Is 12 amu for Carbon-12 exact or rounded? I'm having a difficult time understanding how Carbon-12 has an atomic mass of 12. Each proton and neutron has an atomic mass that is just slightly above 1 amu, so wouldn't Carbon-12 also be above 12?
Neutron = 1.0034 amu
Proton = 1.0073 amu
Carbon-12 = 6 protons and 6 neutrons.
AMU of 6 protons (6.0438amu) and 6 neutrons (6.0204amu) = 12.0642amu
I understand atomic weight, being the average of mass of isotopes on earth. But I do not understand how Carbon-12 = 12 amu, unless is is just rounded down to a whole number for simplicity purposes. If someone could please shed some light upon this I'd be most grateful!
 A: Carbon12 is 12 unified amu by definition (see David's comment below).
The masses you quote for free protons and neutrons are not the same as their mass when bound in a nucleus.

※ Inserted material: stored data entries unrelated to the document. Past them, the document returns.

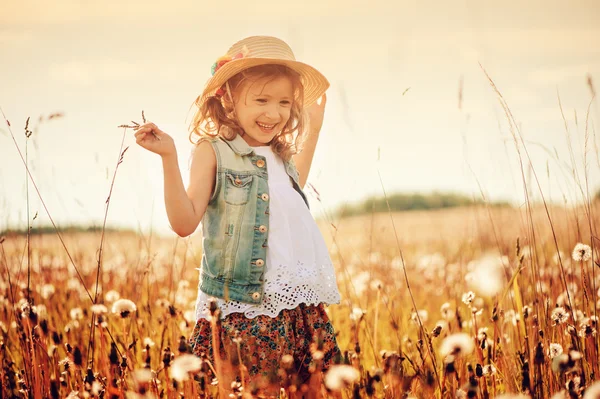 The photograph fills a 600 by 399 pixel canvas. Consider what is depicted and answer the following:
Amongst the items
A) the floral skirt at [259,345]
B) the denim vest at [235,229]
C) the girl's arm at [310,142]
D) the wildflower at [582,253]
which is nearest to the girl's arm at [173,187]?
the denim vest at [235,229]

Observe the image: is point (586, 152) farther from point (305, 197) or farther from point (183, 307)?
point (183, 307)

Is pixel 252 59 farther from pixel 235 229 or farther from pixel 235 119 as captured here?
pixel 235 229

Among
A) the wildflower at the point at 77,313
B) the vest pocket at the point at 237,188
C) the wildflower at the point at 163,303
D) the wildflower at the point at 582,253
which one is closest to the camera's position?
the wildflower at the point at 582,253

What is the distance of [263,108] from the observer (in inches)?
117

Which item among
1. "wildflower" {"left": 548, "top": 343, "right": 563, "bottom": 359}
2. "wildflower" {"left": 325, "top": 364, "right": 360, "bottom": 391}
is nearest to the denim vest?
"wildflower" {"left": 325, "top": 364, "right": 360, "bottom": 391}

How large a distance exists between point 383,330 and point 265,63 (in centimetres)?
244

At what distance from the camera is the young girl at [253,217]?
270 cm

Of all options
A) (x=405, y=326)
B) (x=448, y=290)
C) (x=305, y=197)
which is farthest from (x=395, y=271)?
(x=305, y=197)

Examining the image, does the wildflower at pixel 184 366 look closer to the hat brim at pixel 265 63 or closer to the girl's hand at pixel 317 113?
the hat brim at pixel 265 63

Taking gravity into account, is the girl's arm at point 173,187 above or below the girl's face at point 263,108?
below

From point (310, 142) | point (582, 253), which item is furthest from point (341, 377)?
point (310, 142)

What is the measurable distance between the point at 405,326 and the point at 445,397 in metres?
1.79

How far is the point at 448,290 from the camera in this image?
505cm

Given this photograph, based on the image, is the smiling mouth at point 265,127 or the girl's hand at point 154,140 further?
the smiling mouth at point 265,127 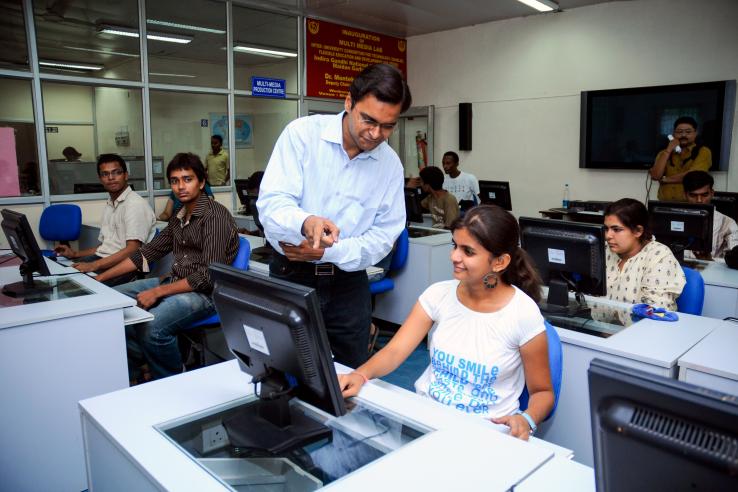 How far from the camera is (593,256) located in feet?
7.48

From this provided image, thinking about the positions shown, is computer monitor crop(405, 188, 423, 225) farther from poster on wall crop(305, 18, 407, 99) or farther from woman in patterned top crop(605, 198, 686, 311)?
woman in patterned top crop(605, 198, 686, 311)

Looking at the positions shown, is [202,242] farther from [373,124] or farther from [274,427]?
[274,427]

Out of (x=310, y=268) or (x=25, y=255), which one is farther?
(x=25, y=255)

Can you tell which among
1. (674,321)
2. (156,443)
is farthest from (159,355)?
(674,321)

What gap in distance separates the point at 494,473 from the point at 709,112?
19.6 feet

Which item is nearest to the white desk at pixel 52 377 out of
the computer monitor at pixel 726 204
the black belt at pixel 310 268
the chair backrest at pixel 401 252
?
the black belt at pixel 310 268

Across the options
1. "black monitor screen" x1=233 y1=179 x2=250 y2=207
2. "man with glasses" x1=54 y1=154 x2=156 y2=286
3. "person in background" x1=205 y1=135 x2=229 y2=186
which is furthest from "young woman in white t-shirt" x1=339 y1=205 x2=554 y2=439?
"person in background" x1=205 y1=135 x2=229 y2=186

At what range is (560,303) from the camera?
95.4 inches

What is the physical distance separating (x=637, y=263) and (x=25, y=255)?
2924 millimetres

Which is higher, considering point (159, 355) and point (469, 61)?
point (469, 61)

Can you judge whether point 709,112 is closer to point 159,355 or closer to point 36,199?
point 159,355

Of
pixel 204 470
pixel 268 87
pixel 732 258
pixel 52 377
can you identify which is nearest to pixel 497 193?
pixel 732 258

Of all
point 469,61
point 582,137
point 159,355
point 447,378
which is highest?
point 469,61

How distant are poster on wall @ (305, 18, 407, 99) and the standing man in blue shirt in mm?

The binding energy of C12 is around 92MeV which accounts for the missing 0.064amu in your example.
A: Reading your comments to the other answer, I feel like something should be clarified here.
In an atomic nucleus, a number of protons and neutrons are in a bound state -- just like an electron and a proton in a Hydrogen atom.

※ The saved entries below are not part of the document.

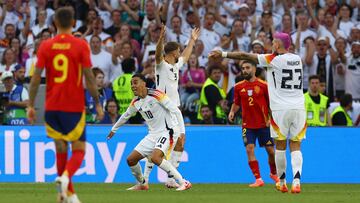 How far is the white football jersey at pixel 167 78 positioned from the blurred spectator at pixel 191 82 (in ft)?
18.5

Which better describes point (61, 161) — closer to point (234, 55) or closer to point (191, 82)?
point (234, 55)

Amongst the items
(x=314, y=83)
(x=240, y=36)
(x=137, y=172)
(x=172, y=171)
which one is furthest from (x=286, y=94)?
(x=240, y=36)

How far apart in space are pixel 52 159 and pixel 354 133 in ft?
19.7

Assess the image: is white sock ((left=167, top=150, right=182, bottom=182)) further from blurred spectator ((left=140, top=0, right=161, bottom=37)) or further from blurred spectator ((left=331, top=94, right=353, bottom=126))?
blurred spectator ((left=140, top=0, right=161, bottom=37))

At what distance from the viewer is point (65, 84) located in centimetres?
1298

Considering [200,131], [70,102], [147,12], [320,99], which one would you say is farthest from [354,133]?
[70,102]

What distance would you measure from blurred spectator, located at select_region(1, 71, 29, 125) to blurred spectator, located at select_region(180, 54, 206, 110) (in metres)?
3.56

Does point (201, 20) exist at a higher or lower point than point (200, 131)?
higher

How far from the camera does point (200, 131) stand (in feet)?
71.8

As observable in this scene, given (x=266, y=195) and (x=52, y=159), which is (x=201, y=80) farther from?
(x=266, y=195)

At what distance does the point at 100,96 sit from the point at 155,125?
6011 millimetres

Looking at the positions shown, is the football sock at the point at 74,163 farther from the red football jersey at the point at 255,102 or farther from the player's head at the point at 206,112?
the player's head at the point at 206,112

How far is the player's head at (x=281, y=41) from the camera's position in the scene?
53.5 ft

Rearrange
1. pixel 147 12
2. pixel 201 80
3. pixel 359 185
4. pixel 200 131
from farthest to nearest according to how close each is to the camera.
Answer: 1. pixel 147 12
2. pixel 201 80
3. pixel 200 131
4. pixel 359 185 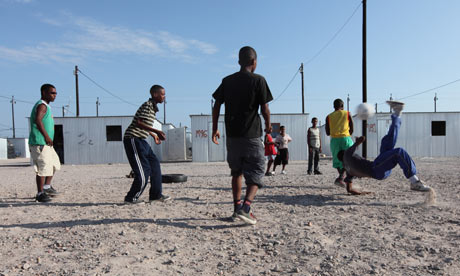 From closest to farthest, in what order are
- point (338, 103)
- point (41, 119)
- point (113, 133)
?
1. point (41, 119)
2. point (338, 103)
3. point (113, 133)

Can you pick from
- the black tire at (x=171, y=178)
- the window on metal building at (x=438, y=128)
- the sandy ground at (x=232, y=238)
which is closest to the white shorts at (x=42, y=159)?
the sandy ground at (x=232, y=238)

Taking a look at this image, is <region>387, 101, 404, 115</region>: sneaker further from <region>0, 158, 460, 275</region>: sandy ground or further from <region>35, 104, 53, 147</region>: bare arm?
<region>35, 104, 53, 147</region>: bare arm

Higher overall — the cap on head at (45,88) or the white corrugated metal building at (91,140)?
the cap on head at (45,88)

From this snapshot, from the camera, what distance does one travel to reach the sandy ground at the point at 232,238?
7.16 ft

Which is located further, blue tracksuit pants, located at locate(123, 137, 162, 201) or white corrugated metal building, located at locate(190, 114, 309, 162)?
white corrugated metal building, located at locate(190, 114, 309, 162)

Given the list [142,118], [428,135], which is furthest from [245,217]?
[428,135]

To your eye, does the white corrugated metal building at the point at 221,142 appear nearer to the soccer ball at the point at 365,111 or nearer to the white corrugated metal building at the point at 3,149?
the soccer ball at the point at 365,111

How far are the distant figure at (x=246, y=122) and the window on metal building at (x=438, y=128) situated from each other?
64.9ft

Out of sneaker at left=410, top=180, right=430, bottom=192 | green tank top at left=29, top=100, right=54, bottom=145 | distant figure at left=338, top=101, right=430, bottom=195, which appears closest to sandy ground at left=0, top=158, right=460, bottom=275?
sneaker at left=410, top=180, right=430, bottom=192

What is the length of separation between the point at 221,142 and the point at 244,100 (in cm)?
1483

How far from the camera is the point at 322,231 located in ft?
9.79

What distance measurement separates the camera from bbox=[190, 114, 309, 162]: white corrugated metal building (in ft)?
59.2

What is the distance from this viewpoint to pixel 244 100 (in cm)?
317

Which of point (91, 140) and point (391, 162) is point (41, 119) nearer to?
point (391, 162) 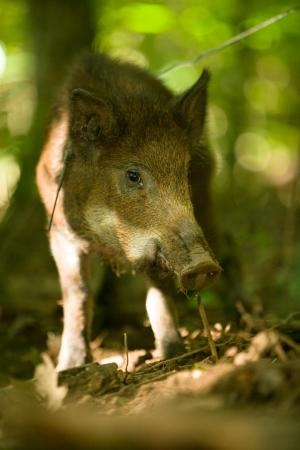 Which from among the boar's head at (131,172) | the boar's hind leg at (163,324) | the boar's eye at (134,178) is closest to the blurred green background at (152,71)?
the boar's hind leg at (163,324)

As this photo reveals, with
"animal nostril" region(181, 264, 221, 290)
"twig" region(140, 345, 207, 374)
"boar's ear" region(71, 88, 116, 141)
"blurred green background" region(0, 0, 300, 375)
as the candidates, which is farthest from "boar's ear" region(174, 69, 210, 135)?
"twig" region(140, 345, 207, 374)

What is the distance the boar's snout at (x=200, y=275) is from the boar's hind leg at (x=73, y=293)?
5.15 ft

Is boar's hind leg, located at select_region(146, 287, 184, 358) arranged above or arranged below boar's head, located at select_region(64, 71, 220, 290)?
below

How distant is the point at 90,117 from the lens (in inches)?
180

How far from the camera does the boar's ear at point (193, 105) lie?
484cm

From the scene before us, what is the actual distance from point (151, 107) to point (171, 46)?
7.77 metres

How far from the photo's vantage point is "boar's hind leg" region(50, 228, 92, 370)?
503 cm

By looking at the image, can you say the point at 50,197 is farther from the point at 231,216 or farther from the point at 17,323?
the point at 231,216

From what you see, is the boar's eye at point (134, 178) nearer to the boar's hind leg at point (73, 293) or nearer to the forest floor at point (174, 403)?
the boar's hind leg at point (73, 293)

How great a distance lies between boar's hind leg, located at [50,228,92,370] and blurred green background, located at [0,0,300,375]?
37 cm

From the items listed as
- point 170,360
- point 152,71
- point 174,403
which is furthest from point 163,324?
point 152,71

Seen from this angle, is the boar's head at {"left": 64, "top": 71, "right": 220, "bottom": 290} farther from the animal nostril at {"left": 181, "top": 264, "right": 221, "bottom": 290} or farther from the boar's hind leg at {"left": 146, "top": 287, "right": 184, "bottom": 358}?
the boar's hind leg at {"left": 146, "top": 287, "right": 184, "bottom": 358}

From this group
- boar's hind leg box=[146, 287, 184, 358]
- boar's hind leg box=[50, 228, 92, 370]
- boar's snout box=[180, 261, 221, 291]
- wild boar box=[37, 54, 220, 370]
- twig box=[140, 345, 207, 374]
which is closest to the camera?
boar's snout box=[180, 261, 221, 291]

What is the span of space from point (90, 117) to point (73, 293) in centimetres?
155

Such a bound state of particles has a binding energy.
Imagine you begin with all the parts of the nucleus (the partons) infinitely far apart, at this point their potential energy is zero.
If you move them together, once they are close enough to feel the strong nuclear force, they will attract each other / "fall in a potential well".

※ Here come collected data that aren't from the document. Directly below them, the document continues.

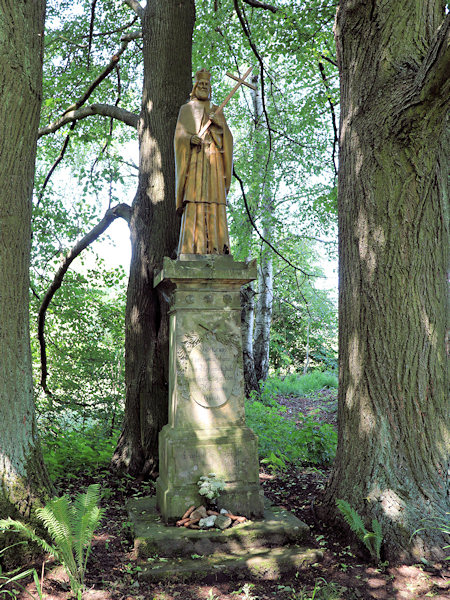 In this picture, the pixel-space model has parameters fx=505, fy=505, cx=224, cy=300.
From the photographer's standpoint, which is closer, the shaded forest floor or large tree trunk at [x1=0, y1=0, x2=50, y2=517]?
the shaded forest floor

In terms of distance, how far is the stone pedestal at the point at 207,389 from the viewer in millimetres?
4504

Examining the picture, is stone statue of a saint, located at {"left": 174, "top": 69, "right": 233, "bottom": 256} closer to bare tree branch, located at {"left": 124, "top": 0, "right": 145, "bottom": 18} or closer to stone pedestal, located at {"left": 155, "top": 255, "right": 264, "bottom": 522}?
stone pedestal, located at {"left": 155, "top": 255, "right": 264, "bottom": 522}

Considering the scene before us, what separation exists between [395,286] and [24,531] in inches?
128

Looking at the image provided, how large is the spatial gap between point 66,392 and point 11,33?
5.14 metres

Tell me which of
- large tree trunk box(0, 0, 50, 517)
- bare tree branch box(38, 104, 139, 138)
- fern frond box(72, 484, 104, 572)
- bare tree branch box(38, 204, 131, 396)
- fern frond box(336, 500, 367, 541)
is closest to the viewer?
fern frond box(72, 484, 104, 572)

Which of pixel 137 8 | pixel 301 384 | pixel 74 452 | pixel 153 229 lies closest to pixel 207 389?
pixel 153 229

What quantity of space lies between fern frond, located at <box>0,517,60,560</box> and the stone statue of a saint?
2670mm

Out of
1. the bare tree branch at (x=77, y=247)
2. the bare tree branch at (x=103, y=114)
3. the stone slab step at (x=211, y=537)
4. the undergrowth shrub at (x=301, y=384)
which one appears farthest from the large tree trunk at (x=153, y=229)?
the undergrowth shrub at (x=301, y=384)

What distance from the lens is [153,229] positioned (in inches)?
245

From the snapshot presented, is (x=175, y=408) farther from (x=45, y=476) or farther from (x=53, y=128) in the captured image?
(x=53, y=128)

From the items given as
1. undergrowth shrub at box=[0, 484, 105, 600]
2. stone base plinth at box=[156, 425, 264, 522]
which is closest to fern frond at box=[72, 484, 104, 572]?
undergrowth shrub at box=[0, 484, 105, 600]

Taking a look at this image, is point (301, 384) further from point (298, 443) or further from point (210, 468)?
point (210, 468)

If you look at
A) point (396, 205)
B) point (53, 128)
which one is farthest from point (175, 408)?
point (53, 128)

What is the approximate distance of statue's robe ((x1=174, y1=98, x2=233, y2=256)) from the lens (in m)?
4.95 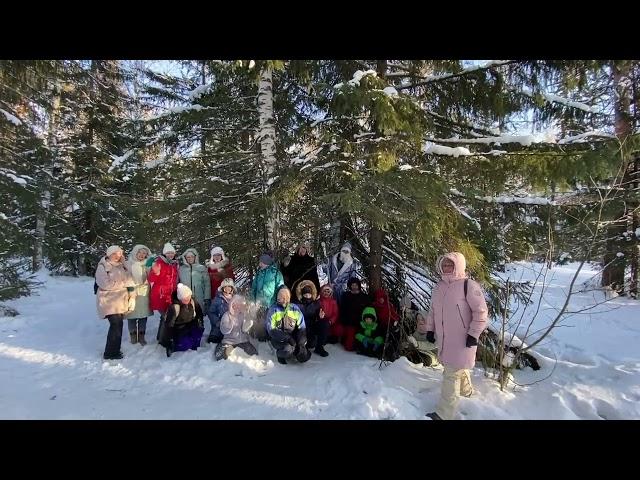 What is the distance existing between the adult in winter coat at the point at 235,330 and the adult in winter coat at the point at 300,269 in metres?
1.21

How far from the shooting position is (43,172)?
13.9m

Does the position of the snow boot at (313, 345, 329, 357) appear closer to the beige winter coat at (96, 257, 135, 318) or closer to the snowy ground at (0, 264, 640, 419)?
the snowy ground at (0, 264, 640, 419)

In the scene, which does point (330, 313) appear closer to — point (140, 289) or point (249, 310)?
point (249, 310)

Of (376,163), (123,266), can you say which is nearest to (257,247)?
(123,266)

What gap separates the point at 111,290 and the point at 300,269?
3.22m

The potential energy they are losing during this process is the binding energy $E_b$.
Now, the total energy of the system is
$$ E = \sum_{\text{parton } k} m_k\, c^2 - E_b . $$
This is the energy of the bound state, the nucleus, at rest and therefore corresponds to its rest mass:
$$ M = E/c^2 = \sum_k m_k - \frac{E_b}{c^2} . $$
You can see there is a mass deficit: The mass of the nucleus is smaller than the sum of the masses of its components.
It is very hard to calculate the mass deficit of a nucleus; in fact, this is a many-body problem which can not be analytically solved. You might be interested in the semi-empirical mass formula of Bethe and Weizsäcker or in this diagram of binding energy per nucleus for various isotopes.
Finally, C12 has 6 pairs of protons and neutrons, O16 has 8 pairs, but the mass of O16 is not exactly 8/6 times the mass of C12 but again slightly less. One u is now simply defined to be 1/12 the mass of a C12 atom, hence all smaller nuclei tend to have slightly "too high" masses and all larger nuclei tend to have "too small" masses.